It added to the Ghana Export-Import (Exim) Bank established in 2016 to support export development.
Dubbed: ‘DBG-UGBS Development Finance Dialogue Series,’ the round table meeting enabled Prof. Abor to examine the contemporary roles of NDBs in Africa, their business models, the challenges they face and how the continent could make them more effective to achieving national development aspirations.
It was an initiative of the business school with support from the bank to educate graduate students of the UGBS on the relevance of development finance and roles of development banks.
It also enabled Prof. Abor, who is also an External Fellow at the Centre for Global Finance, to shed more light on his latest book, ‘The changing role of national development banks in Africa: Business models, governance and sustainability,’ published by Palgrave Macmillan in August this year.
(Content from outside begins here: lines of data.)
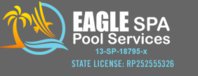 Eagle Spa & Pool Services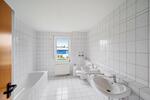 Etagenwohnung Rheinfelden (Baden) - 3.5 Zimmer, 106 m&sup2;, 1.190&euro; | Angebot:26603082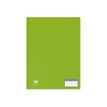 3045058206339-Memphis Style - Porte vues - 60 vues - A4 - disponible dans différentes couleurs-P_5602921_4-3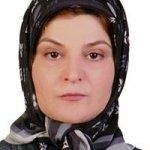 دکتر معصومه مظفری - زنان و زایمان کرج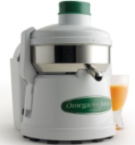 Juicer reviews best buy omega 8006 recipes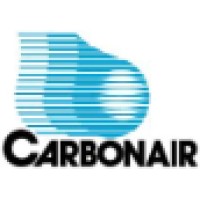 Carbonair Environmental Systems, Inc. logo - Similar company to Splenor Starch Limited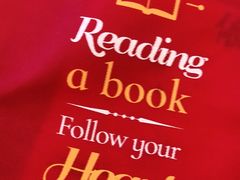 -西西弗书店(城西银泰城店)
Linking NDBs to development plans
Prof. Abor said while NDBs were critical institutions to national development the world over, they functioned better when their roles and operations were drawn from a national development plan.
He indicated that NDBs were established to provide long-term financing for socio-economic development, making them important in financing the design and implementation of national development strategy, which was critical to the realisation of the country’s development goals.
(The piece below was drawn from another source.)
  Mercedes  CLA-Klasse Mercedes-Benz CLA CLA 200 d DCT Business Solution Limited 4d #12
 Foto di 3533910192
“The system where one party draws a development plan and another party comes and abandons it is not good for the nation but we can cure that by ensuring that the government that develops a development plan does so with all stakeholders involved.
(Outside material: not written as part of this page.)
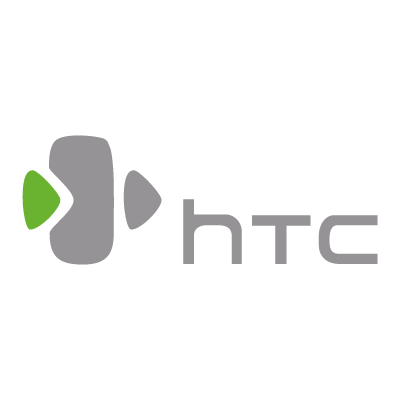 HTC (.EPS) vector logo free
So, once you have the buy-in of stakeholders, it will be difficult for the next government to abandon it because they were part of the process,” he said.
He said having a national development plan was necessary for NDBs to pursue their development mandate and that such a plan would make the banks to function more effectively, leading to sustainable growth and development.
Zeroing in on NDBs in Africa, Prof. Abor, who is a Fellow of the Ghana Academy of Arts and Sciences, said the development finance institutions were critical avenues for providing countercyclical financing during and after periods of shocks as well as resource pools to fund the United Nation’s Sustainable Development Goals (SDGs).
He said they also enhanced inclusive financing, especially to small and medium enterprises (SMEs), promote innovation and structural transformation, crowd in private capital by de-risking key investment areas, help to fund public goods, climate action as well as deepen the financial market due to their ability to provide long-term financing.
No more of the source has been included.